Levi Pinfold is the creator of the picture books The Django, Greenling, and Black Dog, a Kate Greenaway Medal winner. He is also the illustrator of The Dam by David Almond. Levi Pinfold lives in Australia.
Startling and memorable. . . glorious ambiguity invites repeat
reads. . . . It is a rare picture book that works best with older
readers—this is a stellar example.
—The Bulletin of the Center for Children's Books (starred review)

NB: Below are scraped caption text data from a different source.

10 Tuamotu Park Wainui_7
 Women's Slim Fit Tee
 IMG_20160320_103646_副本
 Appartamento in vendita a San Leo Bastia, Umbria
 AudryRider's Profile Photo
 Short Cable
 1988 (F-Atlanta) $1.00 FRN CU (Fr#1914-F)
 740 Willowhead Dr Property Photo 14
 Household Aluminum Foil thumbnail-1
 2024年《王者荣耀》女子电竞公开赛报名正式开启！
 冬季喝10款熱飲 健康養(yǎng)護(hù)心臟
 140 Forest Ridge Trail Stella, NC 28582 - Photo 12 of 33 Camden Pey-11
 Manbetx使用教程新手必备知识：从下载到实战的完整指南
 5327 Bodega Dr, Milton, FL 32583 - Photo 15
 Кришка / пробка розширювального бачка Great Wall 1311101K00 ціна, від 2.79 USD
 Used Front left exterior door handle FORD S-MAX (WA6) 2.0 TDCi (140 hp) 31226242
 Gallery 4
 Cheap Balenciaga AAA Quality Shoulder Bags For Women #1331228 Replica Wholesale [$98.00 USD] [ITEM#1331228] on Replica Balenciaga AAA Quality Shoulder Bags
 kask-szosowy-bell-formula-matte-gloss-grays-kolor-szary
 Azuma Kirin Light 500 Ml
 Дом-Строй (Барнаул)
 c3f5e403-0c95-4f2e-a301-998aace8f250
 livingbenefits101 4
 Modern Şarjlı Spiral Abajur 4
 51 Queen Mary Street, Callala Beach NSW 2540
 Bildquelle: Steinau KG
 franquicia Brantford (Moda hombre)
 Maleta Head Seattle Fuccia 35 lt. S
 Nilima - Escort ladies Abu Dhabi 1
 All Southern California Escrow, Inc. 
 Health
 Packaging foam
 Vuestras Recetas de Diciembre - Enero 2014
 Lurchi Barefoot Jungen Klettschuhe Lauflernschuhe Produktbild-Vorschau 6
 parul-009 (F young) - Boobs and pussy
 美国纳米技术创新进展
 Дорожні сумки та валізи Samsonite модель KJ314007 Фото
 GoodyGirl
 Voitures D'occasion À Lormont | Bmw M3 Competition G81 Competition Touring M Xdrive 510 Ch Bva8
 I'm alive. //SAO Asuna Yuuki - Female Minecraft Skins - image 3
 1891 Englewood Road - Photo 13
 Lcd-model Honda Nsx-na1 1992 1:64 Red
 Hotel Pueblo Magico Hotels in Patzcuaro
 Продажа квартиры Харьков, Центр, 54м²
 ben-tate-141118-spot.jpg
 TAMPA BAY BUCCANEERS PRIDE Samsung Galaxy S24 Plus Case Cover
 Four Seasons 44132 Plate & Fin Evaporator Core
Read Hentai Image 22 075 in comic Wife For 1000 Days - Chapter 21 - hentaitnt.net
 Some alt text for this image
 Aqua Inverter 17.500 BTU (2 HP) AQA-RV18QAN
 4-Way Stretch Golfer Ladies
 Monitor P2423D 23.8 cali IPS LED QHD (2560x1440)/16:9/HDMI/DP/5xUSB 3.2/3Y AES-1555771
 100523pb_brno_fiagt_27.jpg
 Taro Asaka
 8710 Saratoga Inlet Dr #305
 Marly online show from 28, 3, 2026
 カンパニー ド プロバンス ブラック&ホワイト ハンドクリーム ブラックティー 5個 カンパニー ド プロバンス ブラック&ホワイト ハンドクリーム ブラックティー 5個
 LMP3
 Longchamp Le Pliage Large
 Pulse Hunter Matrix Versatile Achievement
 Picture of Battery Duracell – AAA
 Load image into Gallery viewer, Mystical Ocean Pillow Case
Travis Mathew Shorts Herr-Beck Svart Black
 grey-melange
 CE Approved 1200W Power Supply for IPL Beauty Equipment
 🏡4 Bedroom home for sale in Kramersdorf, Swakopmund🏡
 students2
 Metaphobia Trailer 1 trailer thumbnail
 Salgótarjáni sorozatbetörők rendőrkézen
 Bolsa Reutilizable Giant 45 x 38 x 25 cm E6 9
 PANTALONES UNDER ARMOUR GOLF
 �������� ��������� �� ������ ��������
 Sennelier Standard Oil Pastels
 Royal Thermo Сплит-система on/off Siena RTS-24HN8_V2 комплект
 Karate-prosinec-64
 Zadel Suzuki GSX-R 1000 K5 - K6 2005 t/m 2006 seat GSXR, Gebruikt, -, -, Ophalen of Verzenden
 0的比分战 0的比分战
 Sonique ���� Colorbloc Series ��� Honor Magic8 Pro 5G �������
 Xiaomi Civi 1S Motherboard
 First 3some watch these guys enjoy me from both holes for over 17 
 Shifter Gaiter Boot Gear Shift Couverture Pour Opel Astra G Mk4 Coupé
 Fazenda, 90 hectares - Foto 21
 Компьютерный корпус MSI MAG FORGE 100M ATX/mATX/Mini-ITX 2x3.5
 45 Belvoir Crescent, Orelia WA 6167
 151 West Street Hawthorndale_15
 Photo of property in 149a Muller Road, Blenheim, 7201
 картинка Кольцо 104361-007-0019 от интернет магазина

A story that demands that its readers return to each page. . . This mesmerizing work offers potential jumping-off points to discuss many topics, including magical realism, symbolism, family relationships and roles, and mental health.
—Kirkus Reviews (starred review)
Surreal. . . Themes of determination, family traditions, and love are manifested in the words and images. The washout-desert palette in the hauntingly beautiful realistic mixed-media illustrations creates an eerie sense of foreboding (carried through to the ambiguous ending) that cues readers into the otherworldliness of the story. . . . Masterful use of light, spot color, and scale mark this as a significant piece of bookmaking.
—The Horn Book (starred review)
A visually gripping, cyclical tale of sacrifice and determination. . . . Pragmatic text sits in somber contrast to Pinfold's lushly detailed and unsettling mixed-media artwork. The meticulous nature of the art lures the reader's eye to the tiniest illustrative details. . . . Pinfold (The Song from Somewhere Else) blends underworld mythology with fairy-tale sensibility to haunting effect.
—Shelf Awareness (starred review)
Haunting and surreal. . . Photorealistic and dazzling, the illustrations capture the fine details of spaces both real and imagined in precise, lasting terms.
—Foreword Reviews (starred review)
Chilly, precision-drafted spreads with dazzling architectural motifs confer gravitas on this haunting fairy tale centering a steely character who remains resolute in the face of trickery.
Pinfold lures readers into a story aswirl with mystery, dust, and darkness. . . Snippets of an eerie rhyme and the presence of a talking lion bestow a folkloric quality to the story, which also calls to mind Chris Van Allsburg’s Jumanji. . . a haunting journey that readers won’t easily shake.
The whole story has the haunting, ominous feel of an old, dark fairy tale. . . atmospheric.